Sample Selection Bias
The problem of selection bias in economics arises when sampling observations are generated from the population by rules other than simple random sampling. Consequently, the sample representation of a true population is distorted. This is the essence of the selection problem. Distorted sample generation may be the
outcome of sample collection by surveyors. More importantly, distorted sample observations result from self-selection decisions by the agents being studied. A sample generated by self-selection may not represent the true population distribution of characteristics no matter how big the sample size. However, self-selection biases can be corrected to produce an accurate description of the underlying population if the underlying sampling generating processes can be understood and relevant identification conditions are available. Economic theories and institutional settings can provide guidance. It is for this reason that the econometrics of self-selection is, by and large, a subject of microeconometrics.

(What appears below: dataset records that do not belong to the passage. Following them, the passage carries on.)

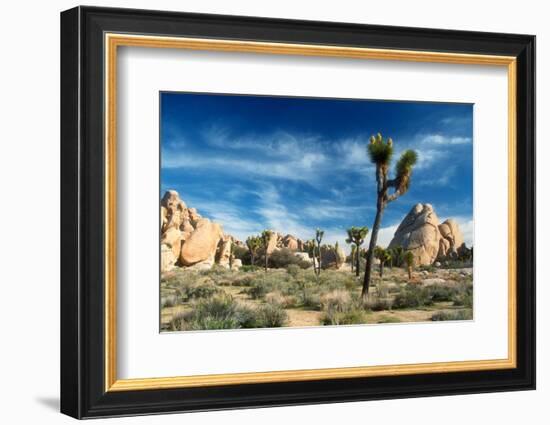 Joshua Trees Among the Large Granite Rocks of Joshua Tree National Park-John Alves-Framed Photographic Print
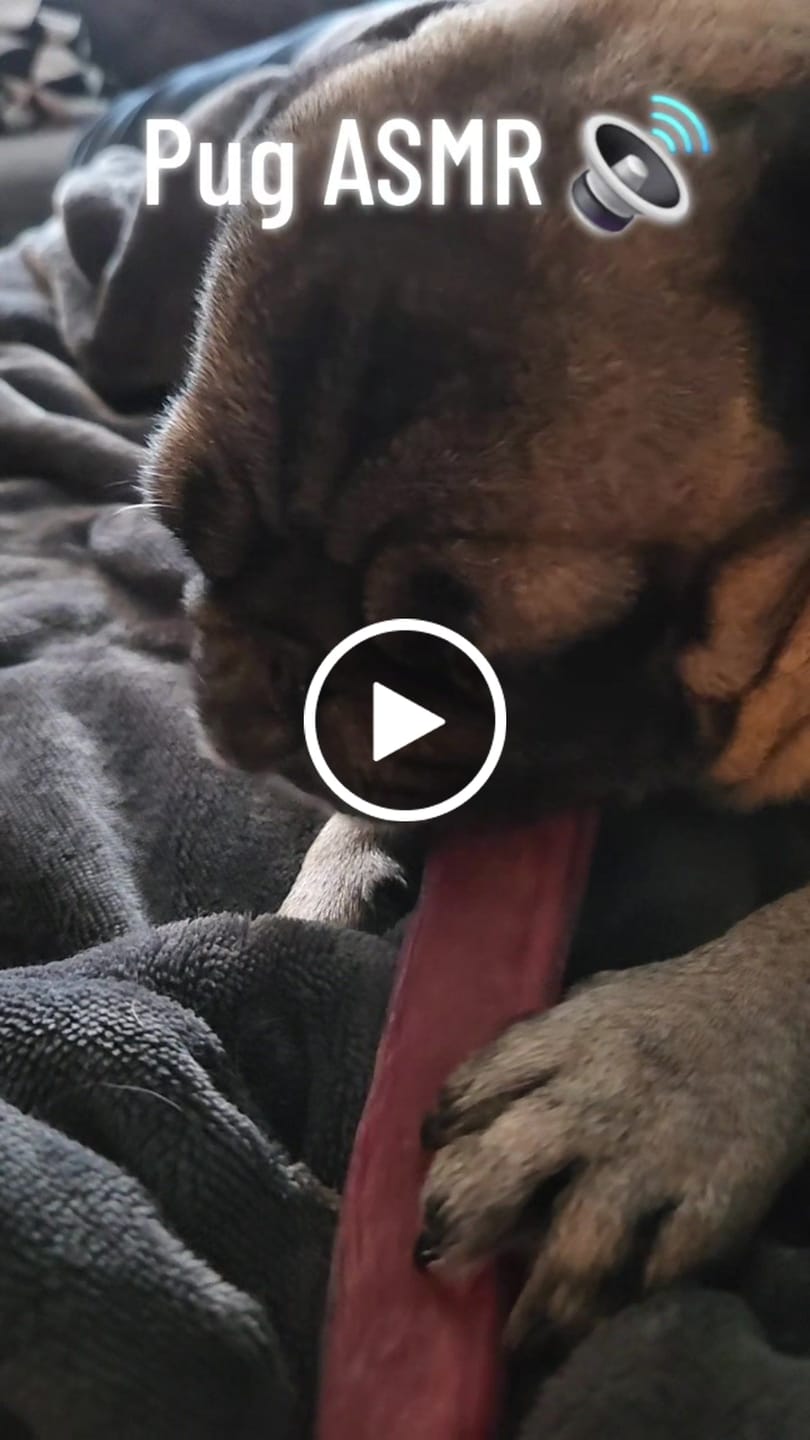 Customer video review of 12 Inch Jumbo Bully Stick
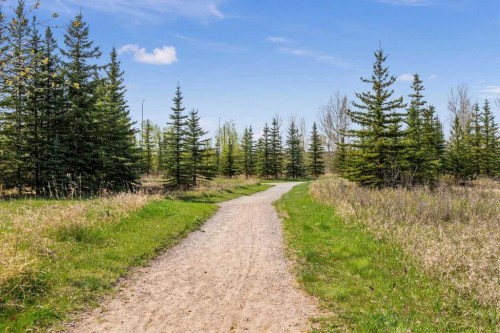 507 Shawnee Square Sw, Calgary, AB - Outdoor With View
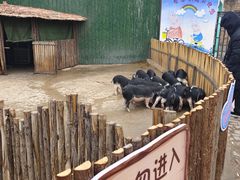 -保定市动物园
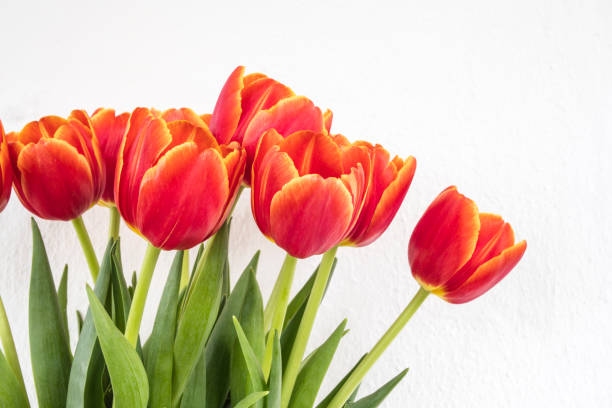 istock red orange tulips in white isolated background 927145074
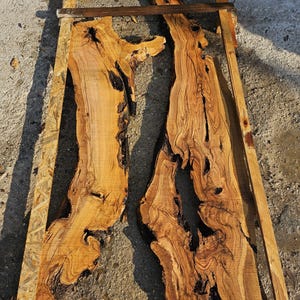 Live Edge Olive Wood Slab: Kiln Dried, Leveled for Epoxy Resin Art
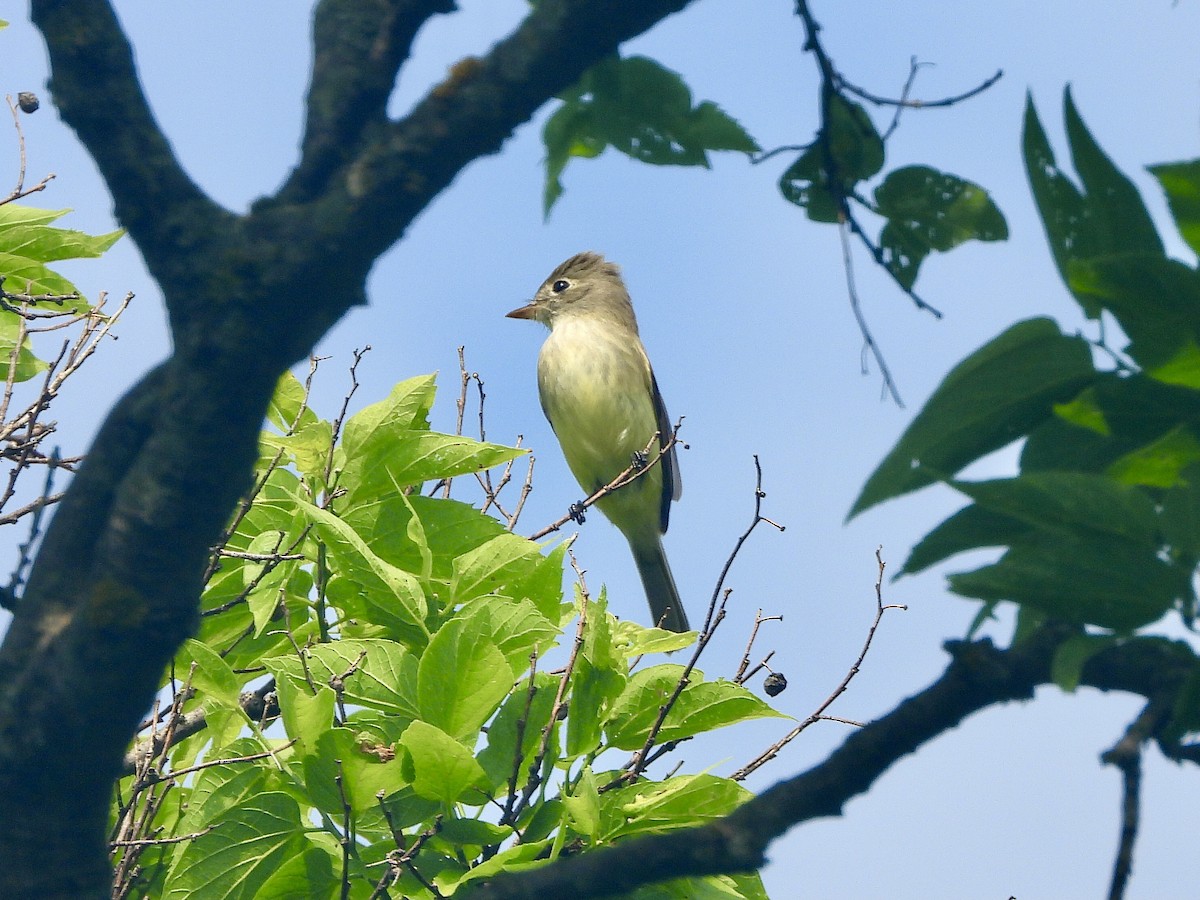 Yellow-bellied Flycatcher - AiLeng Chan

The issue of selectivity bias first arose in labor economics, namely, the determinants of occupational wages in Roy (1951) and labor supply behavior of females in Gronau (1974) and Heckman (1974). Consider the labor supply problem of females in a free society. In a population of women, each individual is characterized by her endowments of observable and unobservable characteristics. (All characteristics are, of course, known to an individual herself, but some may be unobservable to an investigator.) She has the freedom to engage in market activities. It may be observed that only a subsample of the population is engaged in market employment and reports wages. A researcher or a policy maker may be interested in identifying the determinants of wages for working women so as to understand the determinants of wages for all women. The decision to work or not to work is not random as it is made in accordance with an individual’s own interest. Consequently, the working and nonworking samples may have different characteristics. Sample selection bias arises when some component of the work decision is relevant to the wage determining process or the (expected) wage is a factor in the working decision. When the relationship between the work decision and the wage is purely through the observables and those observable variables are exogenous, the sample selection bias is controlled for when all relevant exogenous variables are included in the equations. The possibility of sample selection bias arises when there are unobservable characteristics that influence both the observed outcomes and the decision process.